To add it to another network, with a “mailcow” alias:

networks:
  mailcow-network:
    ipv4_address: 172.22.1.251
    aliases:
      - nginx
  caddy:
    aliases:
      - mailcow

Then at the bottom of the mailcow-dockerized Compose file, where it defines the networks:

Specify the caddy network to be the external network made by your Caddy compose project, replacing [project] with the relevant name:

networks:
  mailcow-network:
    driver: bridge
    enable_ipv6: true
    ipam:
      driver: default
      config:
        - subnet: 172.22.1.0/24
        - subnet: fd4d:6169:6c63:6f77::/64
  caddy:
    external:
      name: [project]_default

Then, refer to mailcow in your Caddyfile:

:80 {
  root /srv
  proxy /mailcow mailcow:80 {
    transparent
  }
}

Or as an alternate approach, I would define the Caddy service within the mailcow-dockerized Compose file itself, removing the ports from mailcow-nginx and giving them to Caddy instead, and refer to mailcow-nginx from within the Caddyfile.

2 Likes
7

I added mailcow-nginx to the caddy network. Thanks @Whitestrake.

That still did not work but by adding “without /mailcow” it’s now nearly working.

I finally do arrive on the homepage, but all links are broken because the html/css code miss the “/mailcow” part.

What do I need to make it work perfectly?

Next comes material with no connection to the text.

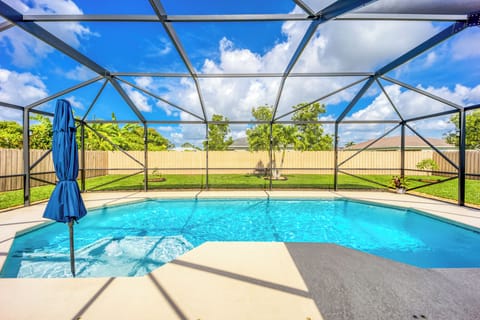 Backyard heated pool with salt water. Solar lights around fence & inside lanai.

For reference that’s what I have in the Caddyfile:

:80 {
  proxy /mailcow mailcow:8080 {
    without /mailcow
    transparent
  }
}

Thanks to you all for helping a newbie.

8

I don’t believe Mailcow has the option of setting a URL base, so you will not be able to reverse proxy it into a folder.

It doesn’t look like you’re doing much else with that site at the moment, so move Mailcow to / and it should work as intended.

:80 {
  proxy / mailcow:8080 {
    transparent
  }
}
9

Thanks again @Whitestrake.

I’ll ask the devs if it’s possible to make changes so we can use it with folder reverse proxy.

10

Good idea. Make sure to make the distinction between a normal reverse proxy and a subfolder (URL base) reverse proxy. Hopefully they are open to the idea.

11

This topic was automatically closed 90 days after the last reply. New replies are no longer allowed.